The Canadian Legal system offers a variety of solutions for people who are financially struggling and are burdened by debt. Debt Solutions such as Loan Consolidation, Consumer Proposal, and Bankruptcy offer a legal relief thorough a settlement with creditors or a bankruptcy discharge. The honest but unfortunate individuals can solve their debt problems, breath relief, and begin living again with a fresh start.
We will briefly touch on these three options to inform you on the process, the benefits, and the drawbacks.
1. Loan Consolidation is a process where all the unsecured debts are consolidated into a one new loan. All the previous accounts are paid off and the debtor is left with one, usually large loan to pay off. Some of the benefits of debt consolidation are that the interest rate is usually lower then on the previous accounts; the debtor can track his payments and service the debt more easily (instead of having ten different accounts to maintain); and the credit history of the debtor is not significantly impacted. Debt consolidation loan is not easy to get though, as the debtor credit rating is usually impacted by few missed payments and large debt load; the banks are hesitant to issue another loan. However, this loan can be backed up by an equity in a property or a cosigner. Great care must be taken to avoid spending the money on just covered credit cards, the risk of getting more indebted is overwhelming. It is advisable to cut up all the cards and to close all the credit accounts to avoid getting deeper in debt.
Altogether, loan consolidation is a great way to organize and manage debt, as it usually lowers the interest rate, establishes a structured form of repayment and provides some relief.
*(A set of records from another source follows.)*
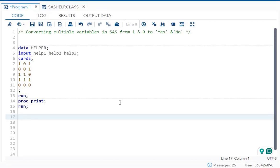Hello everyone, welcome back to my channel. In today's video, the question is how can we convert multiple variables in SAS from 1 and 0 to yes and no.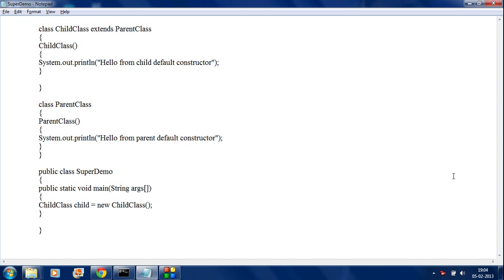Hello guys, welcome back to the 11th part of the Java Tutorial. In the previous part, we already saw what happens when a default constructor is present in both child class and parent class. In that case, if we create an object of the child class, it will invoke first the parent constructor, then only it will invoke the default constructor of the child.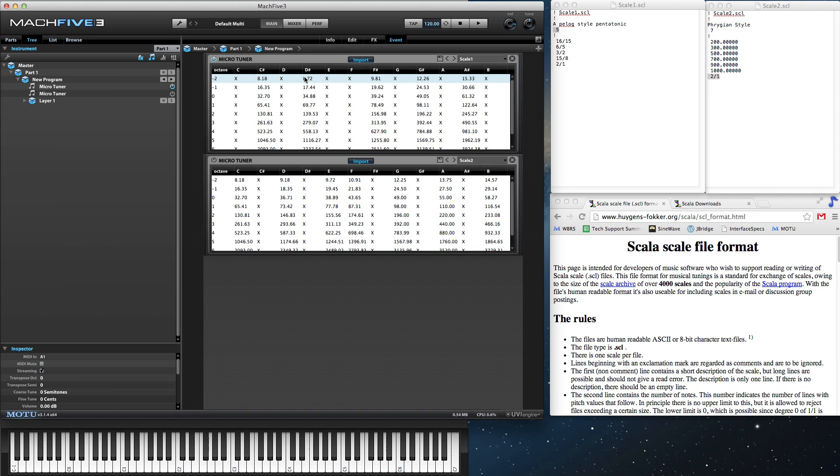Each note is assigned to a black key on the keyboard, as shown in the microtuner's user interface. X denotes no frequencies, which disable the keyboard's white keys.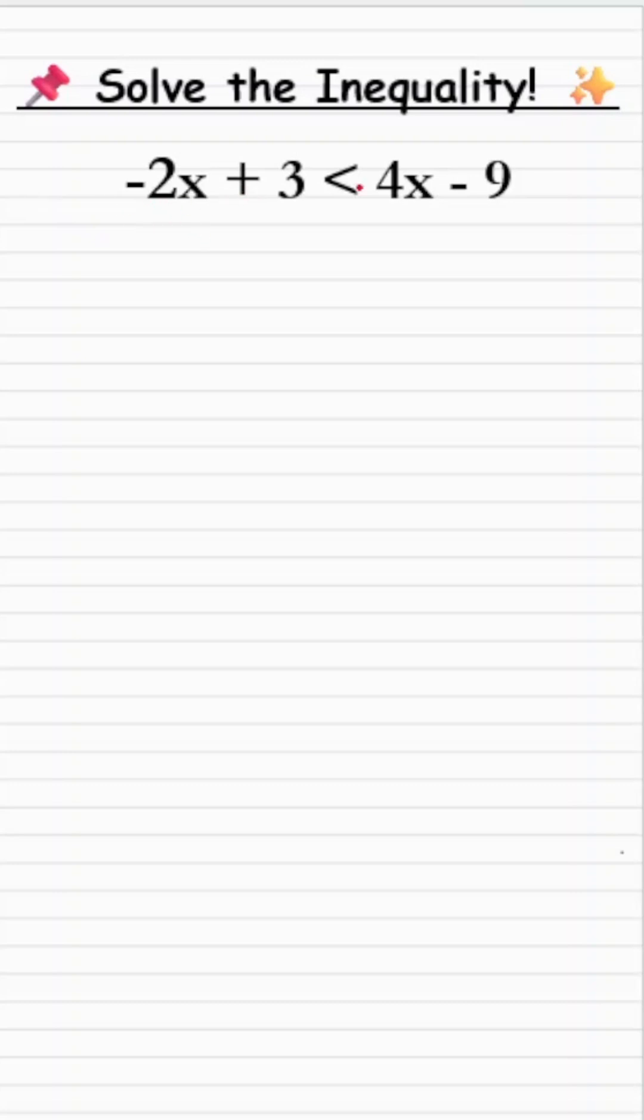Find the value of x that satisfies this inequality: minus 2x plus 3 less than 4x minus 9.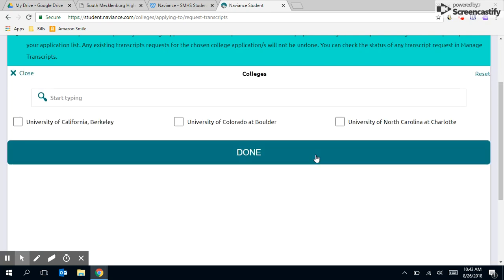Please note that you can only see the schools you've already added to your colleges I'm applying to. So if you're trying to request a transcript be sent to a school that you do not see listed here, you'll need to go back to the previous screen and add that school to your colleges I'm applying to list.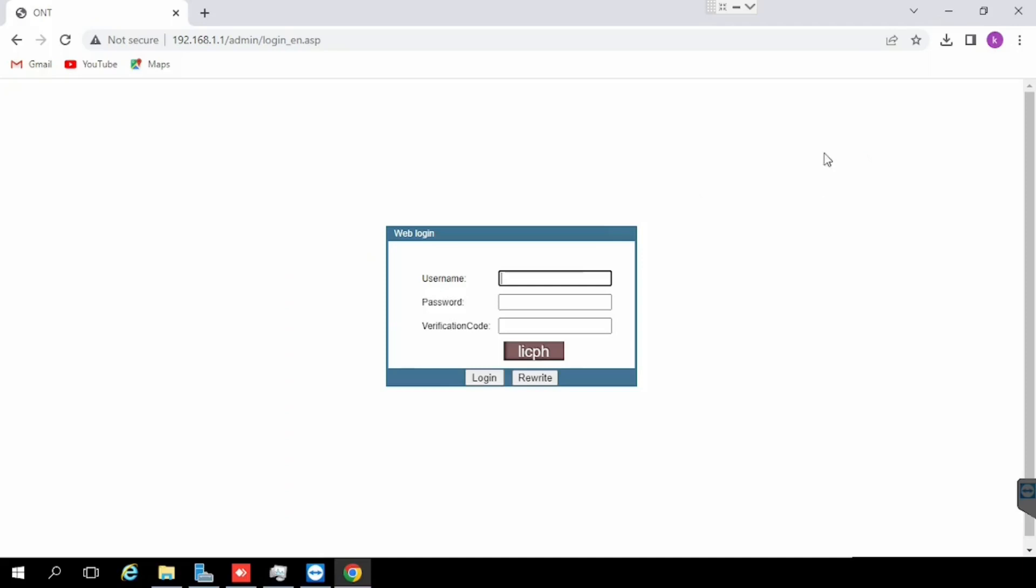In this video I am going to show you how to do port forwarding and DMS configuration in Netlink GH323 RGW ONT router. This router is also known as XPON1G1FP1POTS plus Wi-Fi.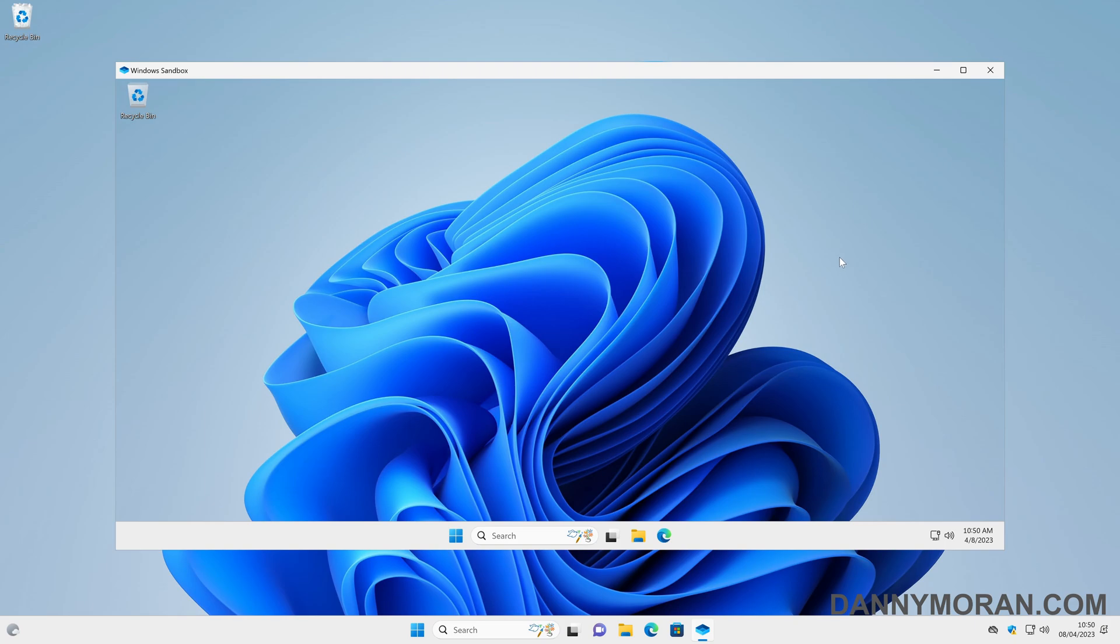Now this is great for just quickly testing applications or if you've got potentially dodgy files and you don't want it to infect your host operating system. But this environment is totally isolated. So that is how you can enable the Windows Sandbox on Windows 11.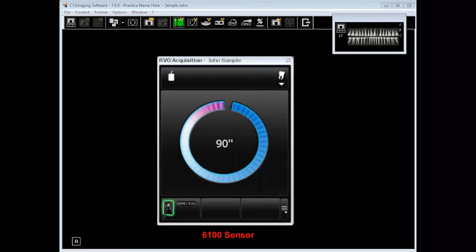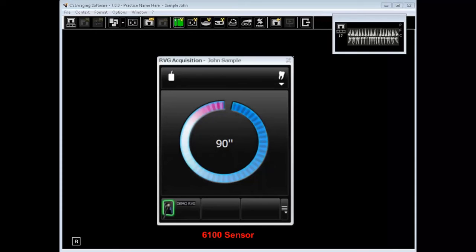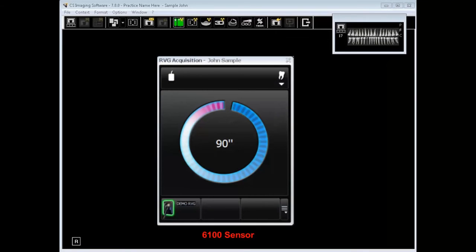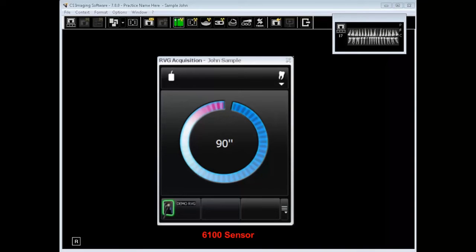RVG icon from the main toolbar to acquire a digital radiograph. In this case, the 6100 has been plugged in to the USB dock and it's been recognized by the software. The sensor must be activated prior to the radiation exposure for every image acquired. This can be done in the following ways. Press the remote button on the sensor that is pictured on this next slide. Click the RVG acquisition icon on the main toolbar or the function key F2. A 90 second timer is revealed. In the event multiple sensors are connected to the USB dock simultaneously, you must press the remote button on the sensor you want to use in order to activate. Otherwise, pressing F2 will only activate the last sensor used.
2. A Consumer Proposal is a settlement with creditors. The debtor proposes a solution to the creditors, and the negotiation takes place over the terms of the repayment and the amount of debt write off. The Consumer Proposal administration is undertaken by a trustee in bankruptcy or by a debt management company that works with trustee in bankruptcy.
Many factors effect the outcome of the negotiations: employment situation, debt amount, assets owned by the debtor etc. Generally fifty to seventy five percent of the unsecured debt can be written off, and the remaining balance is spread over a three or five year period, to be paid off in monthly payments. The benefits of a consumer proposal application are that the debtors can retain all of their assets, actions against them by unsecured creditors, such as wage garnishments, will be stopped and they can solve their debt problems without having to declare bankruptcy.
There are a number of conditions that have to be met in order to qualify. Some of the examples:
The debtor has to be employed, provide proof of employment, the debtor cannot have any substantial equity if they own a property, etc.
The record stays in the debtors credit file for six years after the date of filing and it usually takes three years to rebuild credit rating.
3. Although Bankruptcy is often though of as a measure of last resort and usually undertaken when all other methods to resolve debt problems have failed, is a legal process nevertheless, and if administered properly can offer protection from financial obligations. It relieves the debtors from their legal obligation to pay the outstanding funds, as well as protects their future earning and assets from repossession. However, bankruptcy does not protect from the secured creditors. In such cases the loan is secured by some form of collateral and often the collateral is auctioned to pay back the creditor(s).